In January 2019, the Fader published a series of clipped interview commentaries from Jessica Pratt to mark the release of ‘Aeroplane,’ the third and last single issued in the run-up to her 2019 record, Quiet Signs, as well as the last track on the 27-minute LP.
Pratt briefly alludes to the curious dialectic that she (here pronoun-ed as ‘you,’ en lieu of I’) and her audience have construed and been absorbed into. She put her music into the world, set some expectations, envisaged the affective scope of that introduction, and replied to her anticipation of her listeners’ response; imagining a preconception and performing that cut-out, in her own words.
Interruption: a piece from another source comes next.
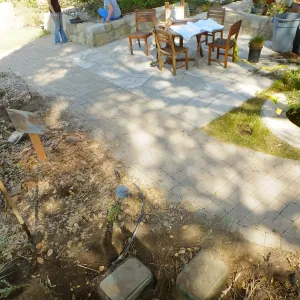 Home Demonstration Garden Renovation, first day of demolition work, irrigation box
Aeroplane hints at the weight of that sentiment, with the opening line Reflection of your memory in the window. It impresses the ever-ordinary shock one might get in a barber’s chair or a hair salon, one mirror in front and one in back, volleying ever-shrinking images of nape and brow to an infinity too small for the ray of the vanity bulb.
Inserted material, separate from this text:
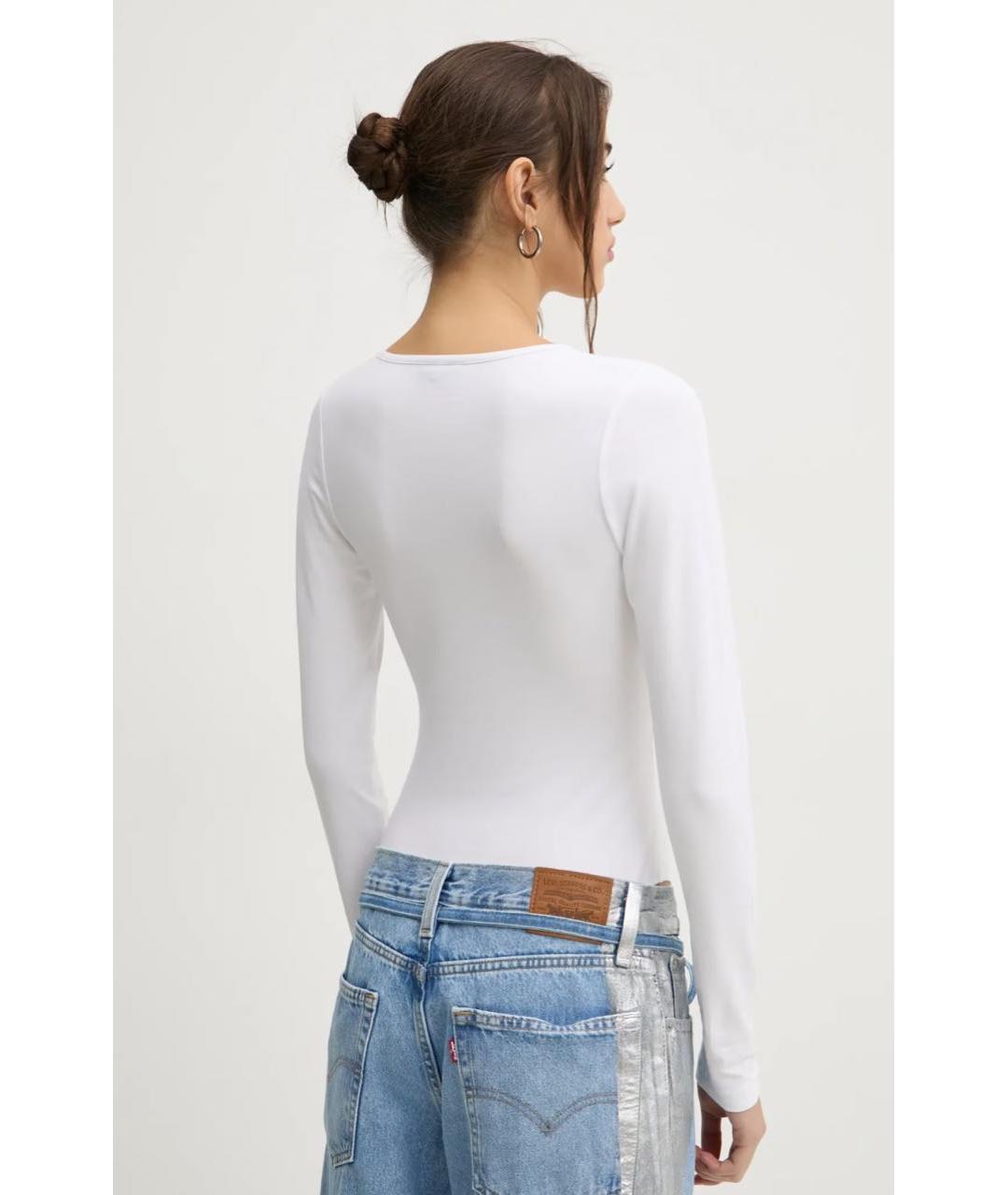 KARL LAGERFELD Белое хлопко-эластановое боди, фото 3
Pratt’s statement suggests an admission of taking part in an iteration of that sort of constriction, an image of an image of an image, as her guess of fans’ wants binds the span of her sound. This even – and rightly so! – as she chafes against critics’ takes that she fits in a predictable lineage of folkists: Joan Baez, Karen Dalton, Sibylle Baeier, et al.
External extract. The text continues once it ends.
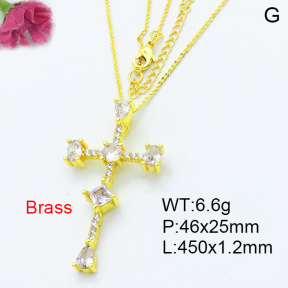 Fashion Brass Necklace  F3N403468bbni-L002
From Aeroplane back to Night Faces, the intro to her eponymous 2012 debut, Pratt has worked almost exclusively with two tools, her voice and a hollow-body guitar, to groove ever deeper into a narrow channel of beauty. Her throat stringz in a pair of registers, high-chiming and dusty, as she alternates between strummed cyclicals and meandering plucks, mingled with the hiss and pop of cassette decks. End to end the effect has been, for the better part of a decade, both earth-dense and gauze-light, sustaining a chorded tension between intimate and ambient – her records can often convey the sense of furnishing a wood-slung attic, alongside Edison lamps and lushly worn carpet.
Hers is music to lean back and into, adrift at a lolling walk or laid lone on a divan until the pitch of a phrase is raised above the groundwork of sub-guessing we do in a track’s every passing moment – what often comes second to the lull is a small, comely surprise, a hook and line that can draw one out of the water daydreams. Twang begins to thin out, or a fog-mirror silhouette traces over the face of her voice, and the calm, easy beauty of her musical range rings clear.